"All This Love" is a single by DeBarge, released on October 17, 1982. The song was released as the third and final single from their second studio album of the same title on the Gordy label. The single would help DeBarge rise to R&B stardom. A cover version of the song was recorded by Patti LaBelle on her 1994 gold album Gems. A video for her version was also filmed.

Overview

History
In 1982, having released one album that did not go anywhere, DeBarge went into recording their follow-up with their own songs, chiefly handled by El DeBarge, who was also the main lead singer and focal point of the group, including the song, "All This Love", in which DeBarge sung in a high tenor and had written it in a year earlier in hopes then-label mate and longtime idol Marvin Gaye would record it.

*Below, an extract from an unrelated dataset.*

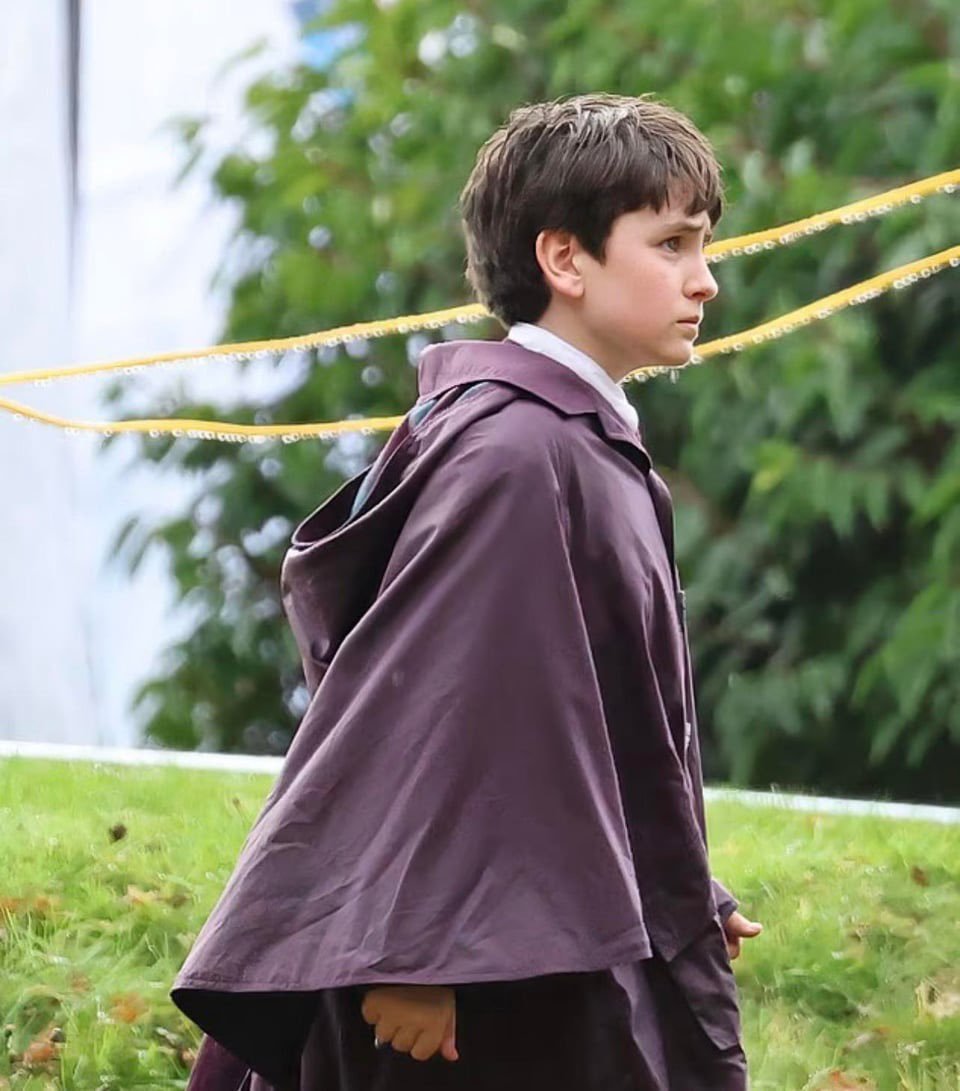 HBO《哈利波特》“飞行课”路透：哈利、马尔福、罗恩身穿霍格沃茨长袍，看着还不错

Gaye had served as El's inspiration for the song, hinted in the group's vocal harmonizing in the final part of the song, which was similar to Gaye's "I Want You" vocal style period. By the following year, Gaye had left the label and DeBarge ended up recording it themselves. Producing this song with Berry Gordy's niece Iris, the single was issued as the third release from All This Love.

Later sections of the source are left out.